Most AI coding setups fail in the same cheap, humiliating way: the tool is powerful, the model is expensive, and the context is garbage.

So the assistant guesses. It writes React 18 code in a React 19 project. It imports from private package internals because one blog post from 2021 did that. It edits files before reading the repo. It invents a testing command. Then you, tragic little foreman of the machine age, spend the evening reviewing confident nonsense instead of doing the work.

This post is about setting up AI CLI tools, mainly Codex and Claude Code, so they stop walking into every repo like a golden retriever in a server room.

The goal is not magic. Magic is for conference talks, LinkedIn founders, and people who say "agentic" because nobody loved them enough. The goal is a boring, repeatable setup that makes the assistant ask fewer stupid questions and make fewer expensive mistakes.

The model is not the setup

A good model with bad context behaves like a senior engineer who woke up in your repo after a minor head injury.

It can reason. It can write code. It can even smell a bug sometimes. But it does not know your rules unless you write them down. It does not know your design system unless you point it at the public API. It does not know whether you prefer Vitest, Jest, Playwright, server components, snake case, kebab case, or some company-specific superstition passed down from the engineer who left in 2019 and somehow still ruins your Tuesdays.

You need four layers:

  1. Global instructions for how the agent should behave everywhere.
  2. Project instructions for how this repo works.
  3. MCP servers for fresh docs and real code search.
  4. Skills for task-specific behavior that you do not want to rewrite in every prompt.

Once those exist, your prompts get smaller. The assistant gets less theatrical. The work gets more boring, which is where professional software lives after the dream dies.

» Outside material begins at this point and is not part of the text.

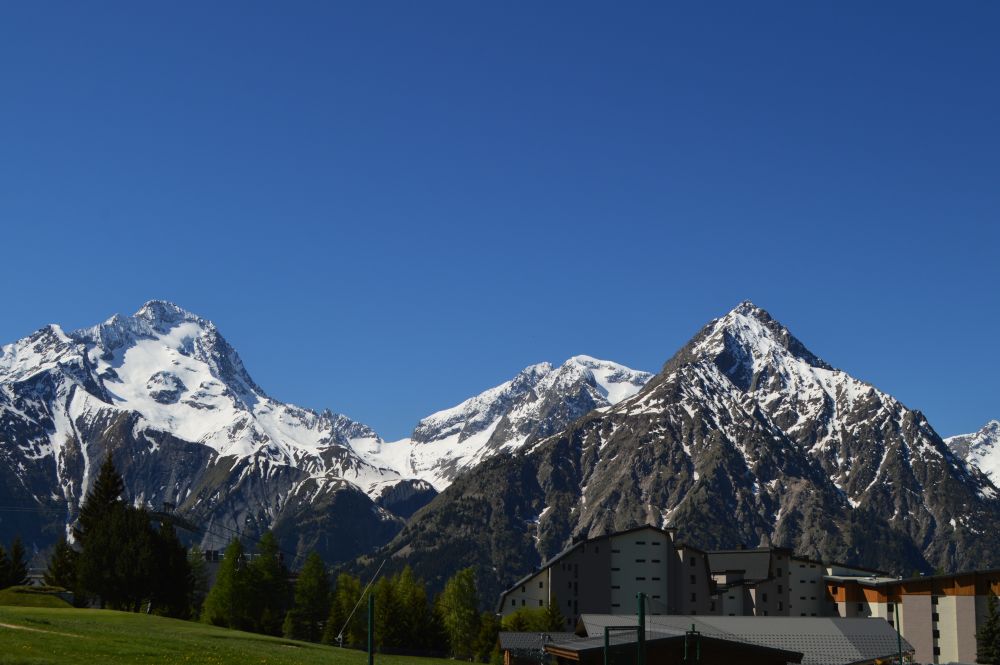 vue sur la Roche de la Muzelle depuis les 2 Alpes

Start with global instructions

Codex and OpenCode-style agents read AGENTS.md. Claude Code uses CLAUDE.md. This is annoying, yes. You are allowed to sigh. Then make both files and move on with your life.

Put global rules in your home directory:

$HOME/AGENTS.md
You are a pragmatic software engineer working in my local workspace.

Before editing:
- Inspect the codebase first.
- Prefer small correct patches over broad rewrites.
- Do not invent commands. Read package scripts first.
- Never revert user changes unless I explicitly ask.
- Use current library docs when APIs matter.
- Search real code examples when syntax or patterns are unclear.

When coding:
- Follow existing project conventions.
- Keep changes minimal.
- Add tests only where they prove the behavior being changed.
- Run relevant checks before claiming success.

When responding:
- Be direct.
- State what changed.
- State what was verified.
- State what was not verified.

Then give Claude Code the same policy:

sh
cp "$HOME/AGENTS.md" "$HOME/CLAUDE.md"

You can also keep one canonical file and symlink it if your tools behave well with symlinks:

sh
ln -s "$HOME/AGENTS.md" "$HOME/CLAUDE.md"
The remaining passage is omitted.